For this listing, reproduce the line with "If we look at", the line with "Hello everyone. My", and the lines between, exactly as they stand. Leave out pictures and all other lines.

### Material provided
· · · · · · ·

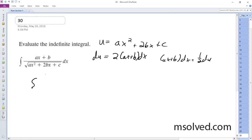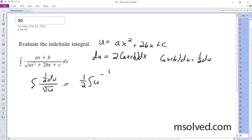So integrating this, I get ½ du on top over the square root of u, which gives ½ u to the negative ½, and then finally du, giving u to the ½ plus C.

· · · · · · ·

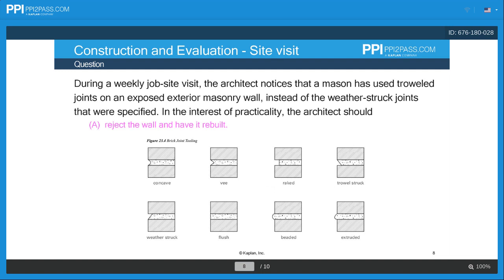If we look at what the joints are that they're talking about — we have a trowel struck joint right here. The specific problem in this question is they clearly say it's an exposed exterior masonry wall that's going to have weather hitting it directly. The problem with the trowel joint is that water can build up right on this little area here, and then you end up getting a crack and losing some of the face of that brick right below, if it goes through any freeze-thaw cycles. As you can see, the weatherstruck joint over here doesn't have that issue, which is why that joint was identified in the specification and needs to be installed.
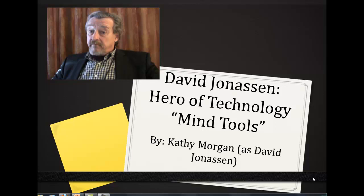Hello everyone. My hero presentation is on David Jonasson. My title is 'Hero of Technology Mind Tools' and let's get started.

· · · · · · ·

### Solution for this task
If we look at what the joints are that they're talking about — we have a trowel struck joint right here. The specific problem in this question is they clearly say it's an exposed exterior masonry wall that's going to have weather hitting it directly. The problem with the trowel joint is that water can build up right on this little area here, and then you end up getting a crack and losing some of the face of that brick right below, if it goes through any freeze-thaw cycles. As you can see, the weatherstruck joint over here doesn't have that issue, which is why that joint was identified in the specification and needs to be installed.
Hello everyone. My hero presentation is on David Jonasson. My title is 'Hero of Technology Mind Tools' and let's get started.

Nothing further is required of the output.